* **WHAT NEEDS TO BE DONE**
Write out the listing below character for character, though without its pictures.

* **DATA EXCERPT**
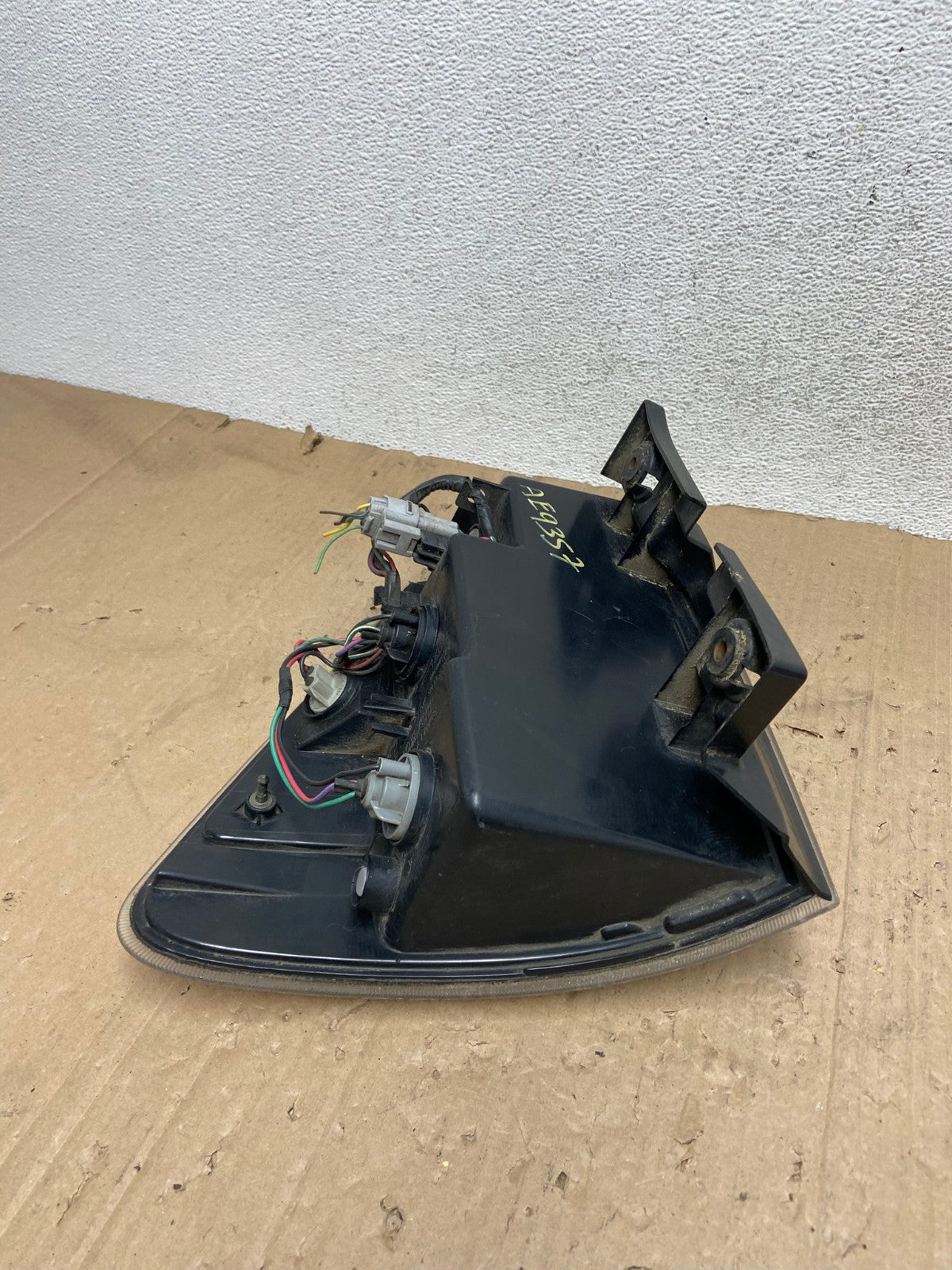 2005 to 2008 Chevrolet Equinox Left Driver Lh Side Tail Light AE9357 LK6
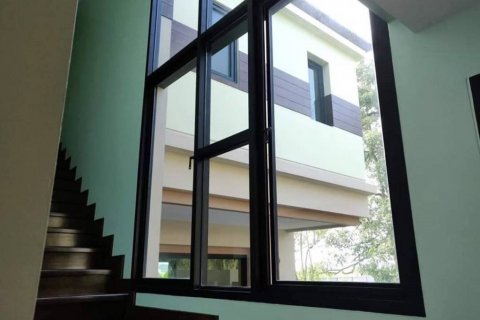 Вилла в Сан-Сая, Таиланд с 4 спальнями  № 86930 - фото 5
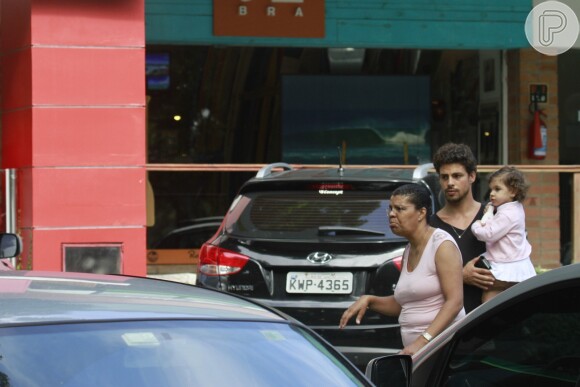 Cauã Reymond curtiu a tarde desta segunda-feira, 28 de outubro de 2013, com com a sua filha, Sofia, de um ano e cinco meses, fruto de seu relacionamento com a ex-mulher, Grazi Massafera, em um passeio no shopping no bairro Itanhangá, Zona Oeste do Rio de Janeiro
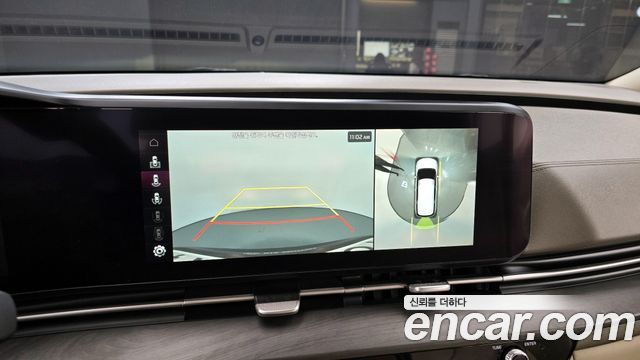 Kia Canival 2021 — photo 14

* **SOLVED EXERCISE**
 2005 to 2008 Chevrolet Equinox Left Driver Lh Side Tail Light AE9357 LK6
 Вилла в Сан-Сая, Таиланд с 4 спальнями  № 86930 - фото 5
 Cauã Reymond curtiu a tarde desta segunda-feira, 28 de outubro de 2013, com com a sua filha, Sofia, de um ano e cinco meses, fruto de seu relacionamento com a ex-mulher, Grazi Massafera, em um passeio no shopping no bairro Itanhangá, Zona Oeste do Rio de Janeiro
 Kia Canival 2021 — photo 14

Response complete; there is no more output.